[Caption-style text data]

####

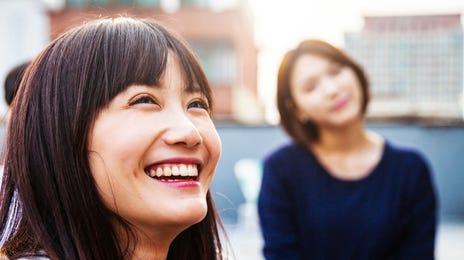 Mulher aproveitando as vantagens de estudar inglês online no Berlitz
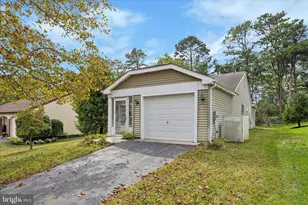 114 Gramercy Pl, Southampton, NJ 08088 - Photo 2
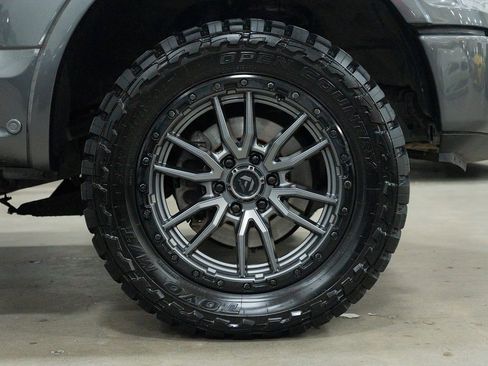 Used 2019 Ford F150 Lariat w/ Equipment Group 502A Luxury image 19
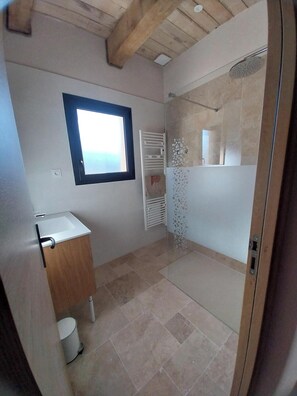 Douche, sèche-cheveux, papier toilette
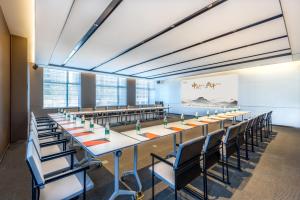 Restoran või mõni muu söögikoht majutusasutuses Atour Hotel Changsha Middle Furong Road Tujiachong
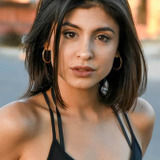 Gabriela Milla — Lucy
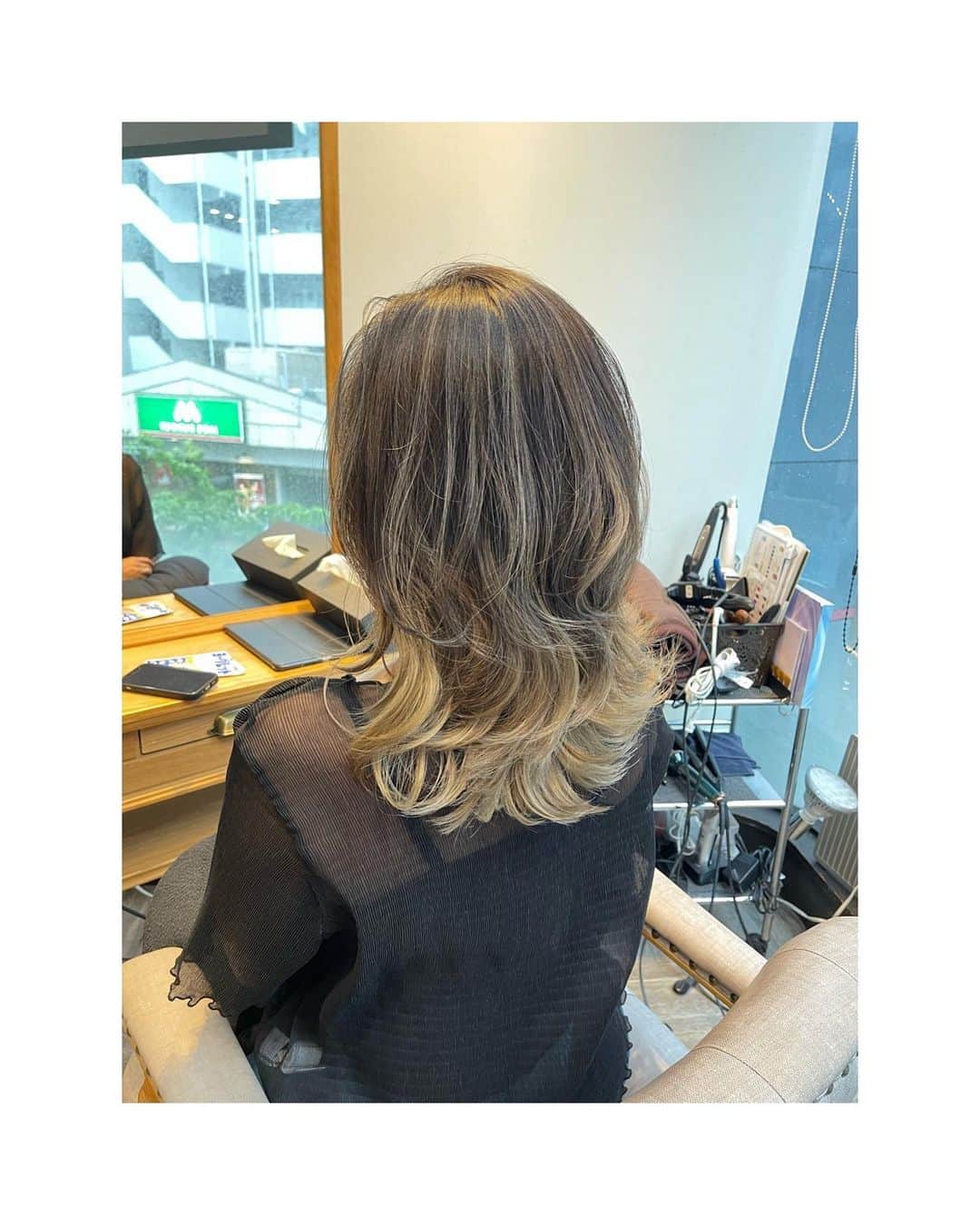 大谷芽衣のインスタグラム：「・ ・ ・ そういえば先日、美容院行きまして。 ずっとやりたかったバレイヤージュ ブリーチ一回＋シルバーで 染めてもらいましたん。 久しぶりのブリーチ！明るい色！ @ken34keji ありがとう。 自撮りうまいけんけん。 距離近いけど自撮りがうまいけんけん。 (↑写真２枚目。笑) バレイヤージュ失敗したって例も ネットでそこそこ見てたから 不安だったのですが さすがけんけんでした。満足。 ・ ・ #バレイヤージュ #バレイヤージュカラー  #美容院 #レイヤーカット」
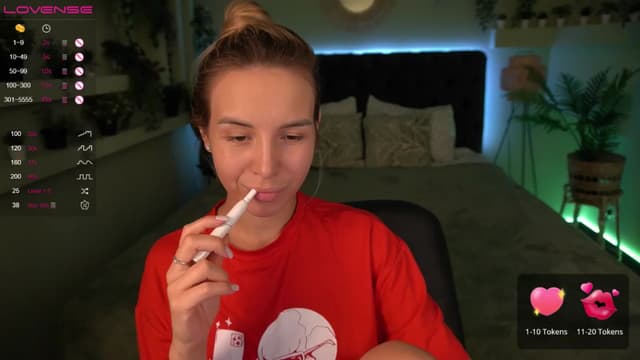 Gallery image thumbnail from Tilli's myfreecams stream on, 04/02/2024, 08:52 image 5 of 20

####

_Task details:_
With pictures left out, repeat exactly the lines from the one containing "Used 2019 Ford" through the last line of the data above, inclusive, and nothing else.

_Written response:_
 Used 2019 Ford F150 Lariat w/ Equipment Group 502A Luxury image 19
 Douche, sèche-cheveux, papier toilette
 Restoran või mõni muu söögikoht majutusasutuses Atour Hotel Changsha Middle Furong Road Tujiachong
 Gabriela Milla — Lucy
 大谷芽衣のインスタグラム：「・ ・ ・ そういえば先日、美容院行きまして。 ずっとやりたかったバレイヤージュ ブリーチ一回＋シルバーで 染めてもらいましたん。 久しぶりのブリーチ！明るい色！ @ken34keji ありがとう。 自撮りうまいけんけん。 距離近いけど自撮りがうまいけんけん。 (↑写真２枚目。笑) バレイヤージュ失敗したって例も ネットでそこそこ見てたから 不安だったのですが さすがけんけんでした。満足。 ・ ・ #バレイヤージュ #バレイヤージュカラー  #美容院 #レイヤーカット」
 Gallery image thumbnail from Tilli's myfreecams stream on, 04/02/2024, 08:52 image 5 of 20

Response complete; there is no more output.